Search code examples
elasticsearchgithub-actionskibanawebhooks

How to join indices in elasticsearch and kibana


I know I am thinking of this in SQL terms so I know there is going to be a shift in thinking.

Basically I am ingesting webhooks from GitHub about actions and I want to pull some data together for a visualization.

I want to be able to join these two indices together such that I can pull the path data from the workflow_run index that corresponds to the entries in the workflow_job index so that I can show the file associated with the job entries. Ultimately I am going to group them together and list the top jobs that fail.

A sample of the indices is here:

workflow_run index sample workflow_job index sample

What is the correct way to visualize this data in Kibana?


Solution

  • I know I am thinking of this in SQL terms so I know there is going to be a shift in thinking.

    TL;DR: That is correct. If you want to use Kibana you need to denormalize everything. If it is not in a single index with homogeneous records you are not going to be a happy camper.

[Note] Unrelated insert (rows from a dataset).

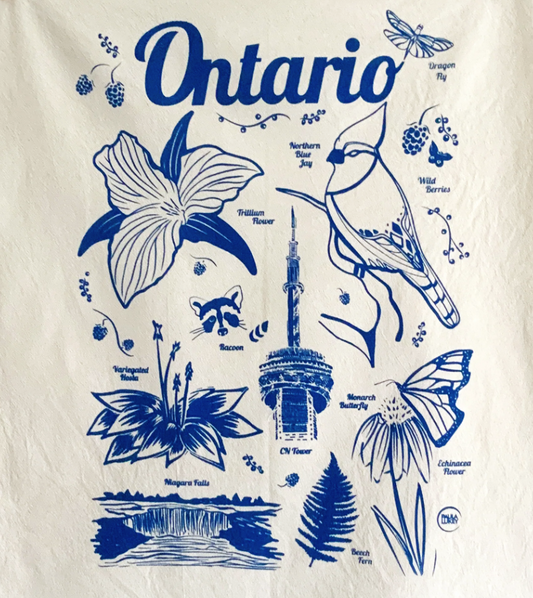 Ontario Commemorative Hand Printed Organic Tea Towel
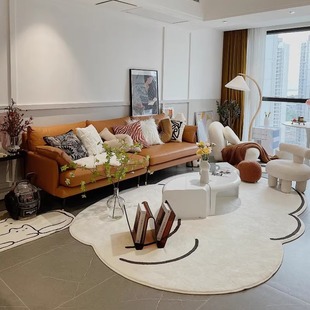 云朵客厅地毯轻奢极简沙发茶几毯新款卧室侘寂奶油风免洗加厚地垫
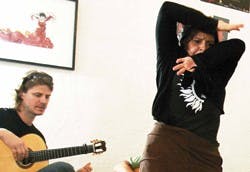 Flamenco dancer Marisol Encinias performs while Calvin Hazen accompanies her on guitar during a practice session Friday at the Conservatory of Flamenco Arts on Gold Avenue.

    There is pretty much no support for many-to-many relationships here. Neither Kibana nor Elasticsearch can handle them. There is a limited support for one-to-many relationships in Elasticserch. If you could make it one-to-many relationship (for example, you could create a single workflow record) then Elasticsearch could handle one-to-many relationships using join field or nested records. There are several queries. Please note that all records in this case have to reside in the same index in case of join fields or even the same record in case of nested fields.

    Unfortunately neither nested fields nor [join fields] (https://github.com/elastic/kibana/issues/3730) are properly supported by Kibana at the moment. There are some features like querying nested fields available, but overall most of your queries and aggregation will be either not possible or will break unexpectedly.